Gab es Leute, die Ihnen sagte, Sie seien verrückt dies so zu machen? Nein, das hat mir niemand gesagt. Es wussten alle, dass es sehr schwer ist. Die Frage, die man stellen müsste, wäre warum. Wenn man diese Frage richtig beantwortet, dann kommen sie mit auf die Reise. Sobald ich also erklärte hatte, warum ich diesen Film so machen wollte, fanden sie, dass es gut klingt. Natürlich erklärte ich es etwas länger, als ich es bei Ihnen tat (schmunzelt). Die allgemeine Meinung war also, ja es ist machbar, einfach sehr schwer (lacht).

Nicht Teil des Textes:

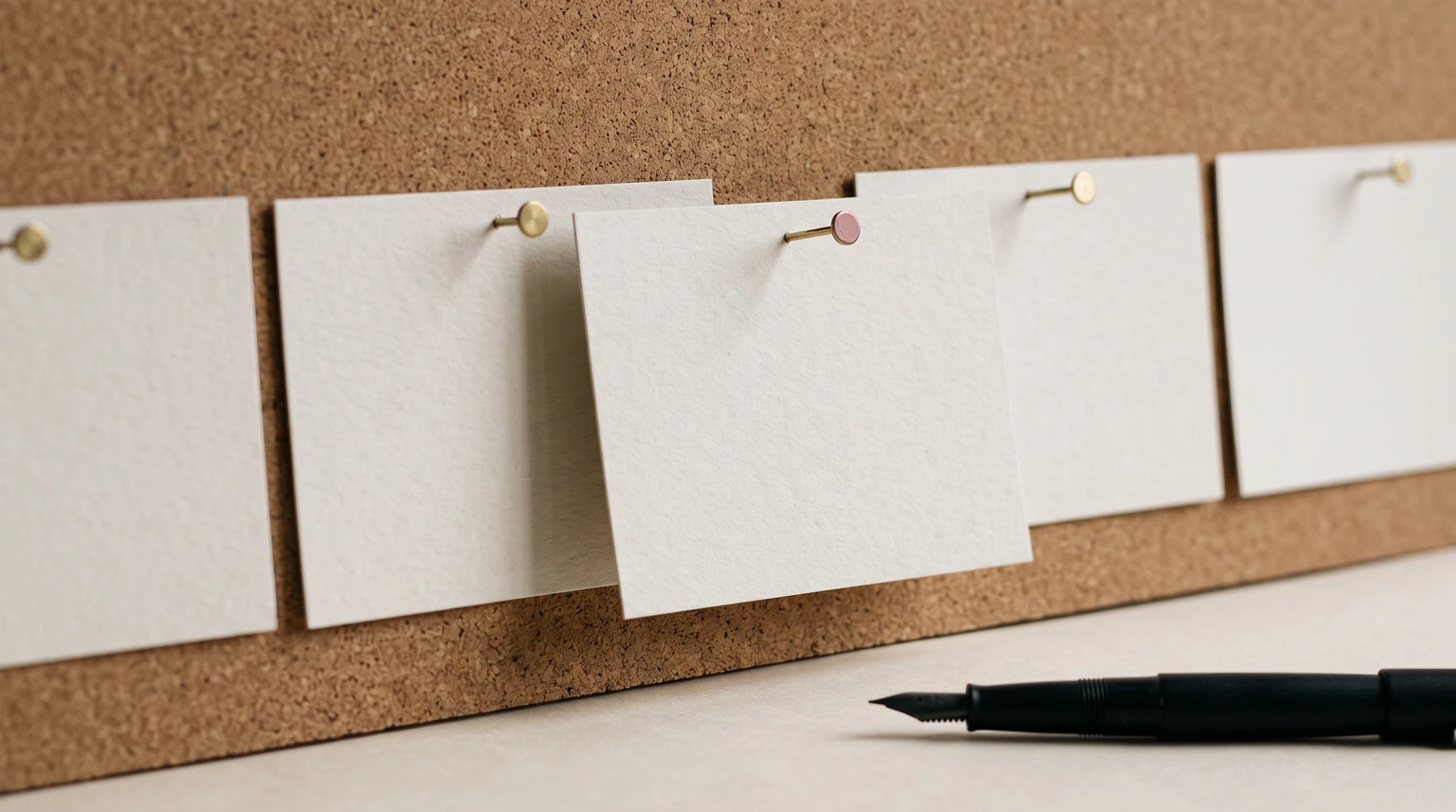 Blank index cards pinned in a line on a cork board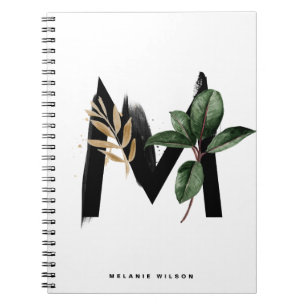 Cuaderno Letra Boho Watercolor Hojas Tropicales M Monograma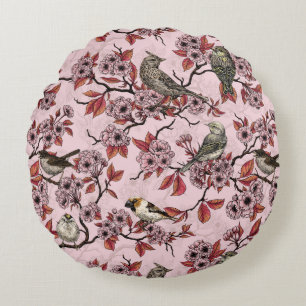 Birds and cherry blossom on rose pink round pillow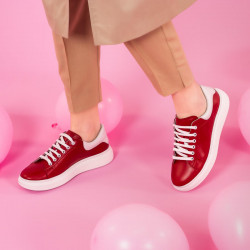 Buty sportowe damskie 6008 czerwony połączony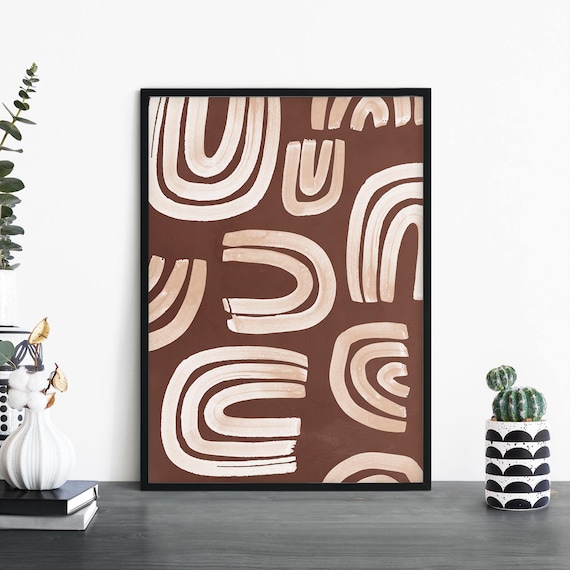 Terracotta Arch Shapes Boho Earthy Abstract Pattern Wall Art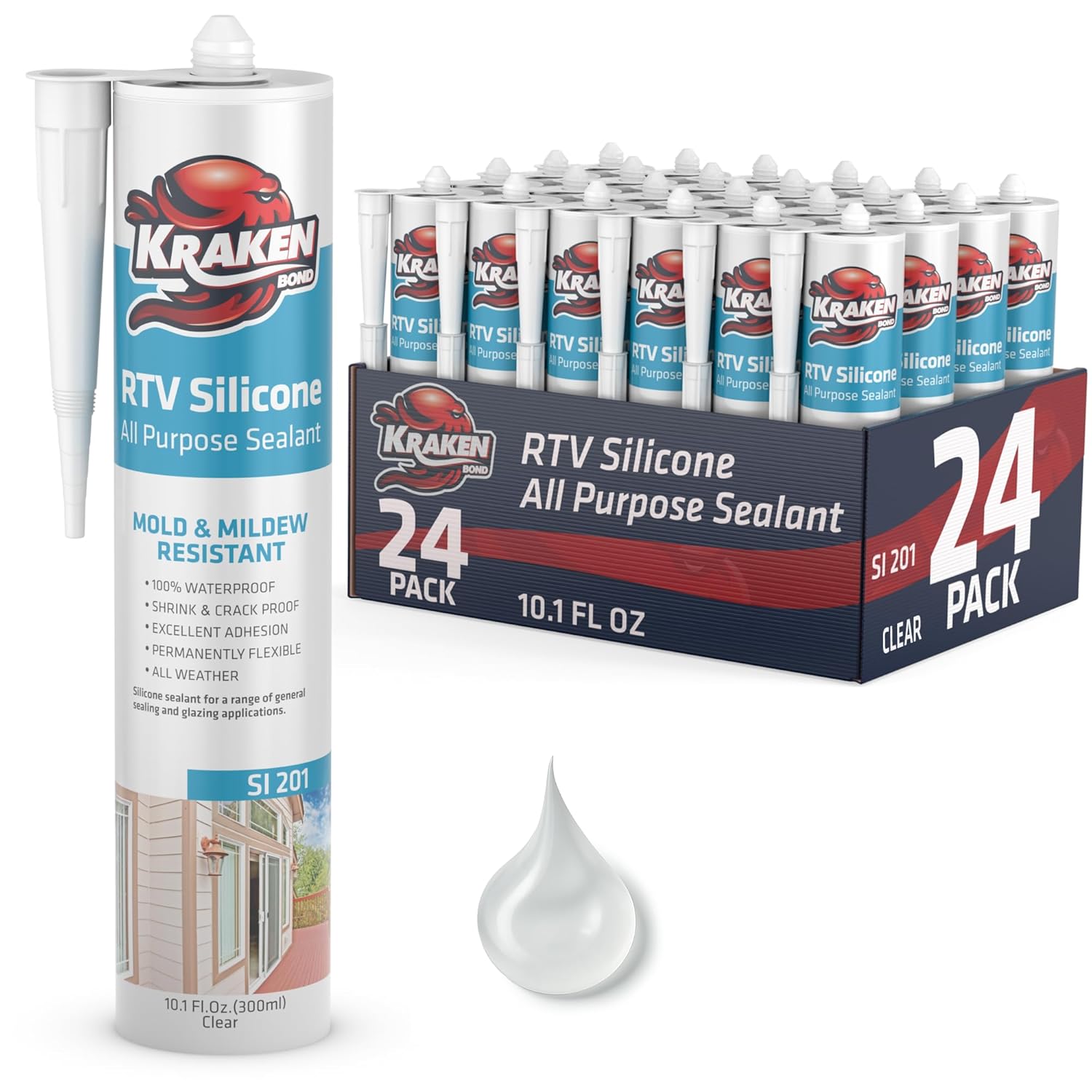 Kraken Bond RTV Silicone Caulk Clear - 24x10.1 fl.oz. silicone sealant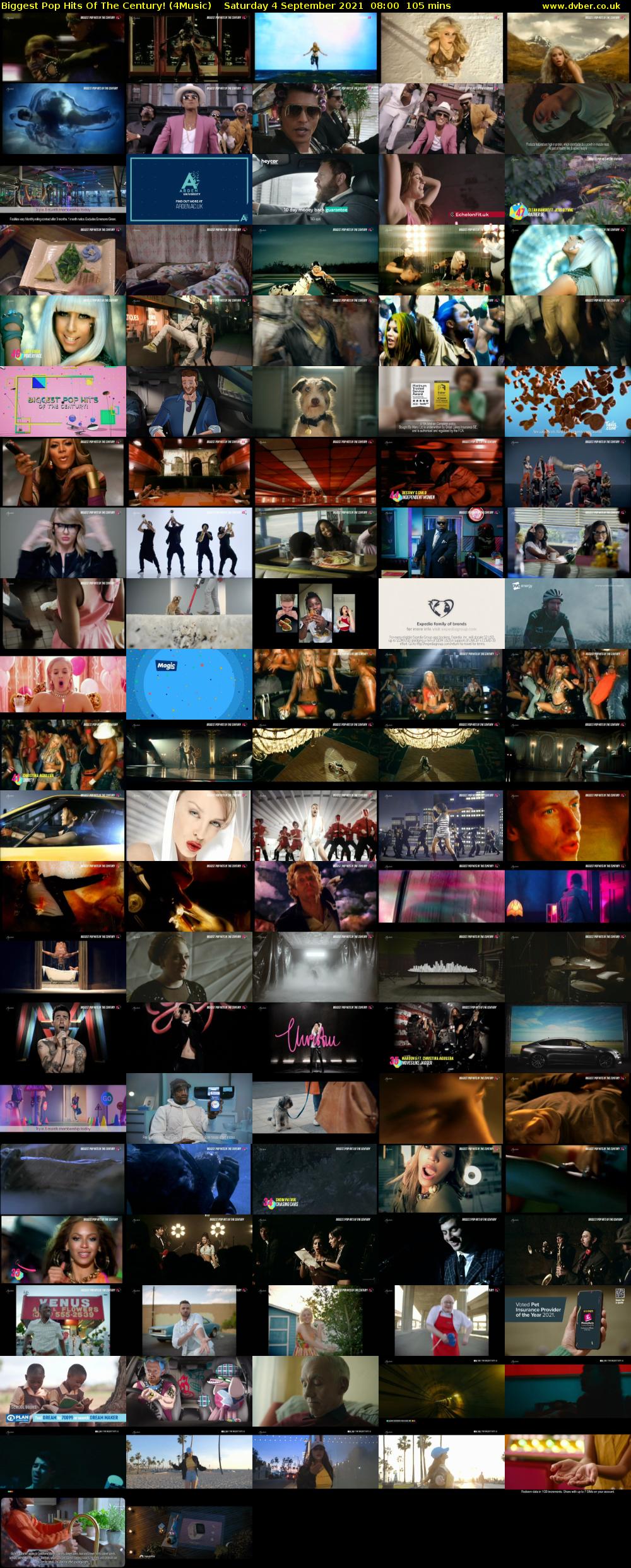Biggest Pop Hits Of The Century! (4Music) Saturday 4 September 2021 09:00 - 10:45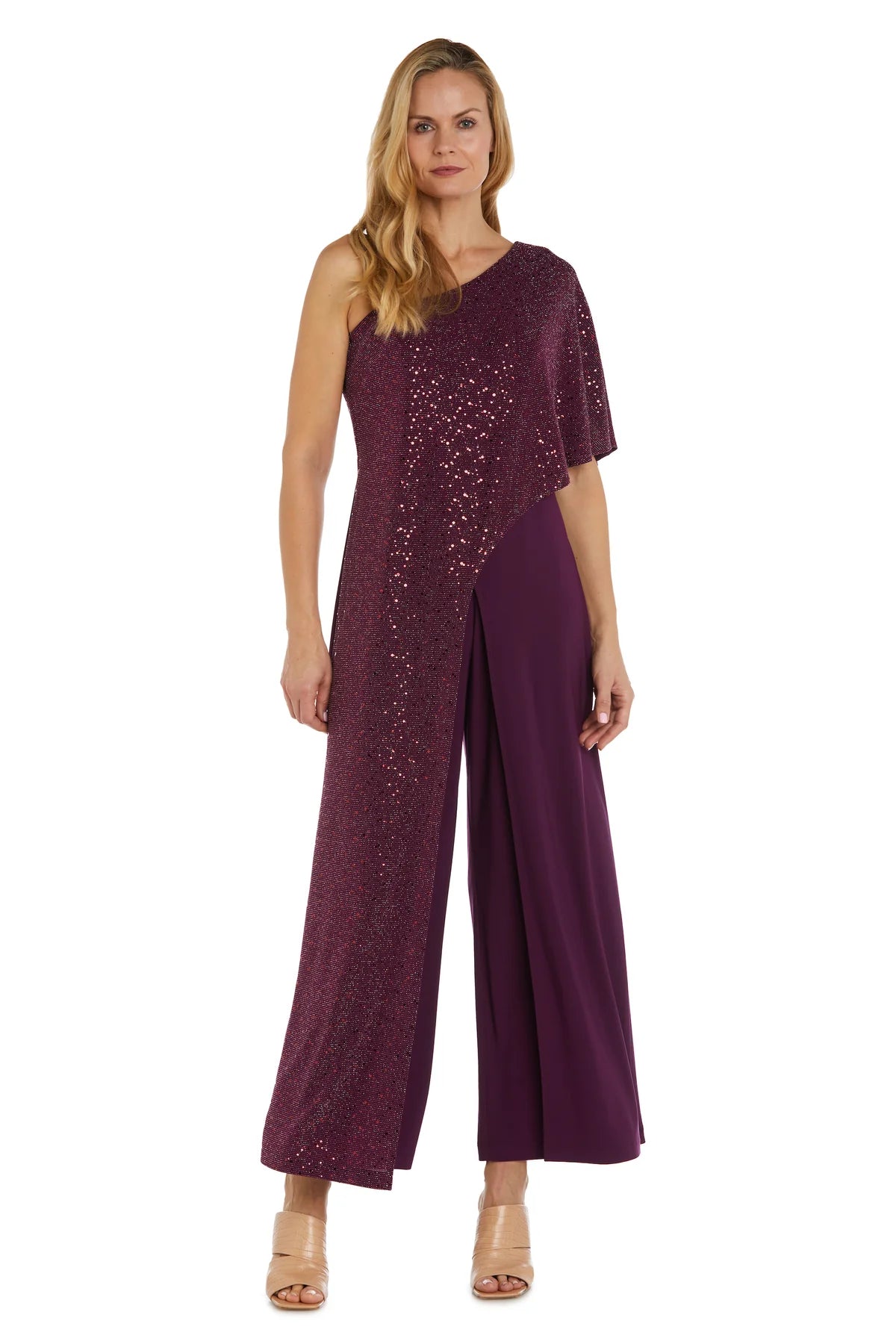 Women's Sequin Overlay Draped Shoulder Formal Jumpsuit - Mother of the Bride Jumpsuit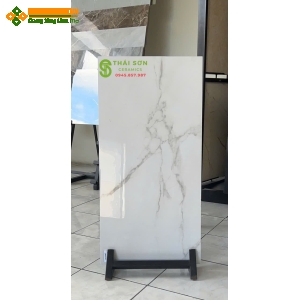 Gạch 40x80 trung quốc ốp tường bóng kiếng marble màu xám khói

Mit dem künstlerisch begabten Roger Deakins muss es ja dann ein Traum von einer Zusammenarbeit gewesen sein, gerade auch bezüglich der technischen Aspekte... Er ist ein Meister und ich kann mich glücklich schätzen bereits mit zusammengearbeitet zu haben. Wir fanden den Draht zueinander sofort. Ich wusste, dass ich einen Meister seines Faches brauchen würde, um diesen Film zu drehen. Die Diskussionen, die wir hatten, drehten sich um die Beziehung zwischen der Kamera und dem Schauspieler. Sie sollte nicht wiederholden wirken und gleichzeitig mehrere Geschichten erzählen. Die der langen Distanzen, der Landschaft und die Sicht als Kronzeuge. Zugleich musste es intim bleiben und dem emotionalen Takt folgen. Diesen Teil des Films sollte es nicht verlieren. Die technischen Aspekte kamen später dazu. Wir hatten eine gemeinsame Regel. Wir stellten uns vor, dass die Kamera alles machen konnte, was wir wollten. Darüber wie die Kamera oder wir das Bewerkstelligen würden, kümmern wir uns später. Sobald wir also wussten, was wir wollten, konnten wir das wie herausfinden. Dies wiederrum war eine Frage der Technik, Konstruktion und des Ortes der Kamera.

Bedeutet das, Sie haben sogar Dinge erfunden, damit Sie den Film drehen konnten? Wir erfanden eine Kamera. Naja, nicht wirklich erfunden. Wir bastelten uns eine Kamera, eine Digitalkamera mit einem sehr kleinen Gehäuse, damit sie in kleine Löcher wie Fuchshöhlen passte. Und natürlich für die Gräben, damit man alle Menschen involviert sehen konnte. Dazu kommen ein paar exzentrische Anlagen, die wir nur für uns erfunden haben. Wir sind mit der Kamera so viel gereist und haben uns bewegt, doch das Ziel war immer, das es wie aus einem Fluss aussieht. Es sollte nie wirken, als hätten wir die Kamera irgendwie verändert oder bewegt.

Ein Film aus einer Aufnahme, zumindest wirkte es so und gedreht wurde sie aus mehreren Aufnahmen. Doch wie und wie lange bereitet man sich auf so etwas vor? Die Vorbereitungen haben etwa acht Monate gedauert. Das ist für einen solchen grossen Film gar nicht so ungewöhnlich. Man muss die Zeit einfach gut nutzen. Das Ungewöhnliche ist, dass die Schauspieler bereits sehr früh eingebunden wurden. Wir mussten jede einzelne Distanz messen, bevor wir mit dem Bau beginnen konnten. Die Gräben stellten wir zu Beginn auf einem Feld dar, damit wir messen konnten. Sobald wir wussten, wer sich wie vorwärtsbewegt, haben wir die Gräben gebaut. Es war eine sehr intensive Vorbereitungszeit. Die Drehzeit war dann etwa 65 Tage. Wir hatten Tage, da drehten wir 15 Filmminuten, was sehr aussergewöhnlich ist. An anderen Tagen drehten wir keine einzige Minute. Das war einfach die Natur des Films. Wir mussten auf so viele Dinge achten, damit es passte.